- **What you need to do**
Pictures must be left out. Retype exactly the lines from the one containing "Imagem 3: Vendo" through the last line of the records below.

[Scraped caption text data]

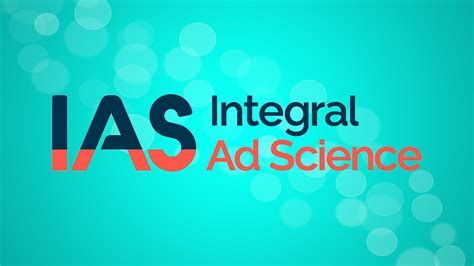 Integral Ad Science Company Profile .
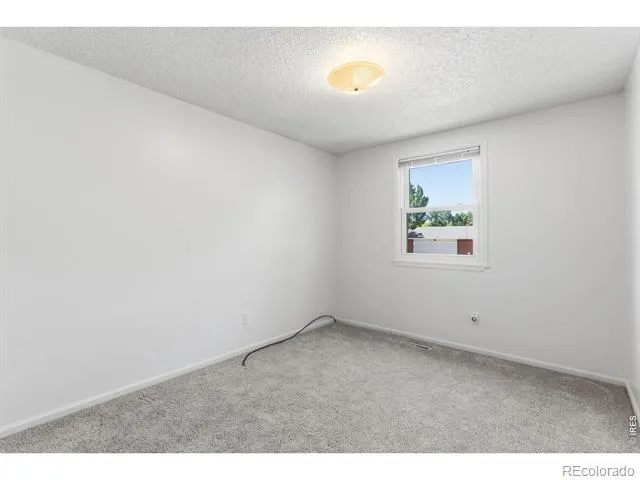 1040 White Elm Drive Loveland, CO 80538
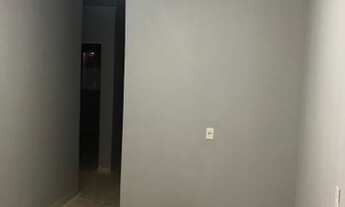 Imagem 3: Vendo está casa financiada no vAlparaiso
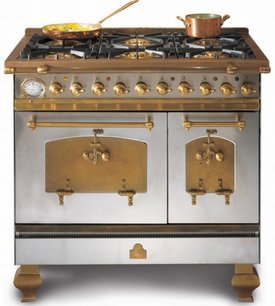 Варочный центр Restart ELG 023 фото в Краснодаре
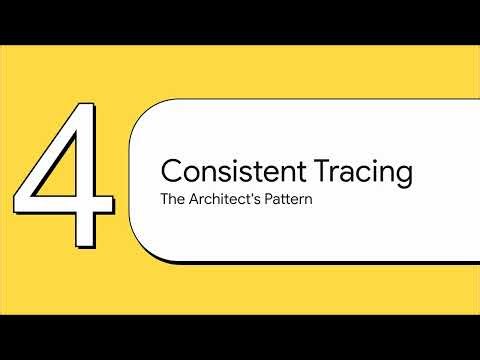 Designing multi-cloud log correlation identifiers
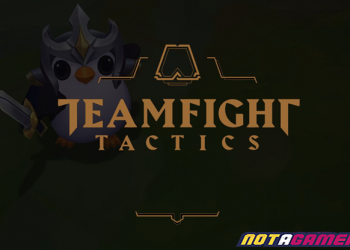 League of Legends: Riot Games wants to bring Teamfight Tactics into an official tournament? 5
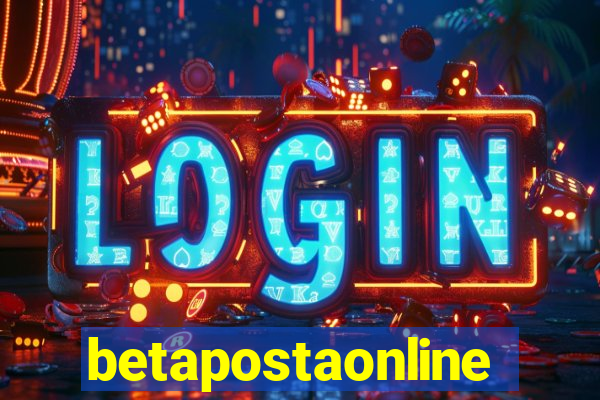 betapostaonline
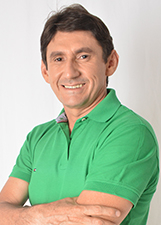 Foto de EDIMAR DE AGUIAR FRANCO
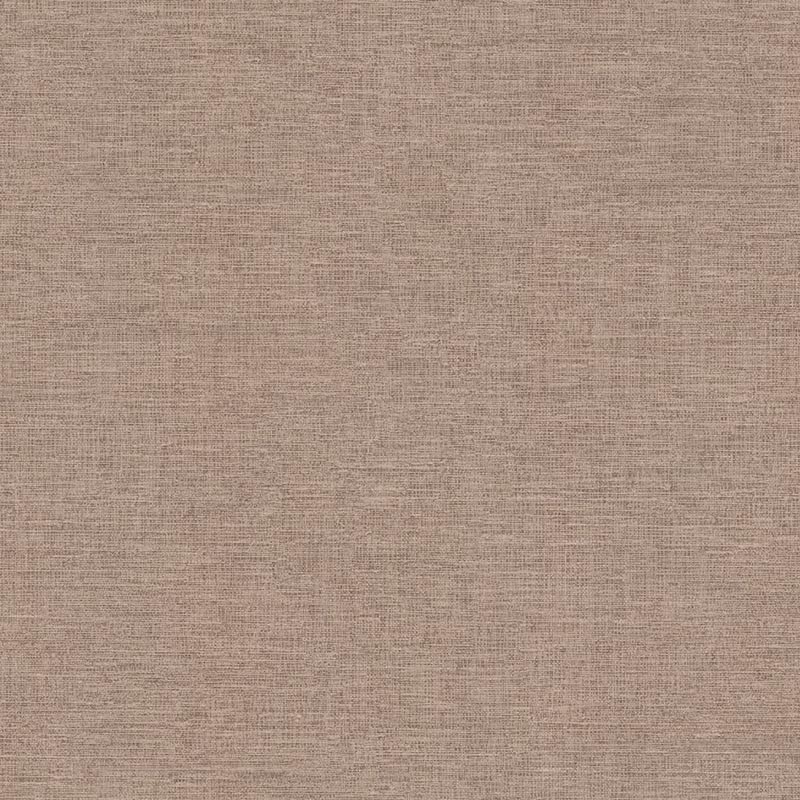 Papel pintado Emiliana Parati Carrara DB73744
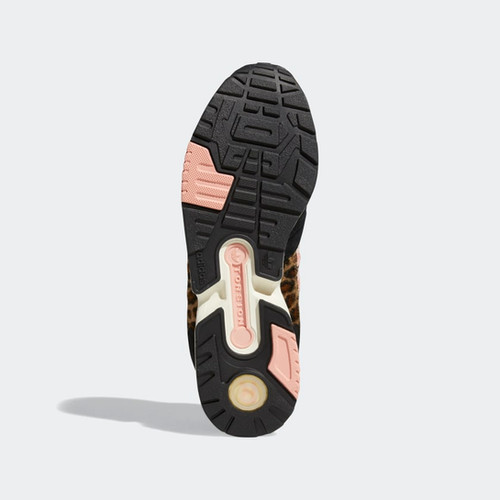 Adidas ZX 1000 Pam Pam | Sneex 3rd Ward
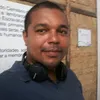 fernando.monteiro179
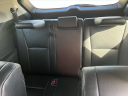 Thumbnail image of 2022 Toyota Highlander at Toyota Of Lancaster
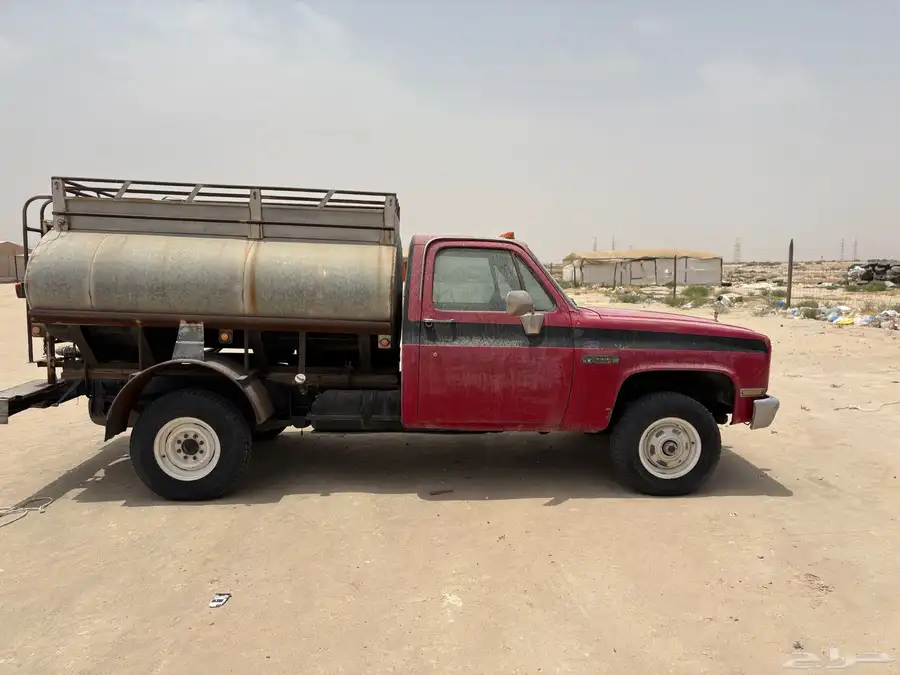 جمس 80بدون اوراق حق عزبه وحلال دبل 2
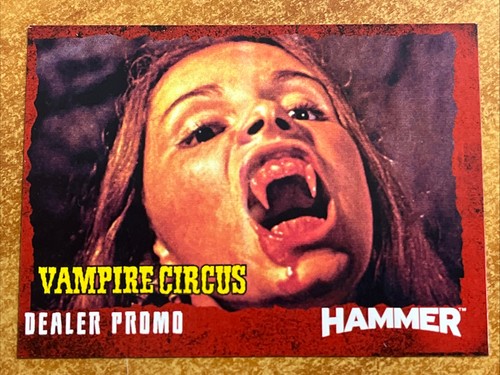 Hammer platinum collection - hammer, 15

- **Answer to this exercise**
 Imagem 3: Vendo está casa financiada no vAlparaiso
 Варочный центр Restart ELG 023 фото в Краснодаре
 Designing multi-cloud log correlation identifiers
 League of Legends: Riot Games wants to bring Teamfight Tactics into an official tournament? 5
 betapostaonline
 Foto de EDIMAR DE AGUIAR FRANCO
 Papel pintado Emiliana Parati Carrara DB73744
 Adidas ZX 1000 Pam Pam | Sneex 3rd Ward
 fernando.monteiro179
 Thumbnail image of 2022 Toyota Highlander at Toyota Of Lancaster
 جمس 80بدون اوراق حق عزبه وحلال دبل 2
 Hammer platinum collection - hammer, 15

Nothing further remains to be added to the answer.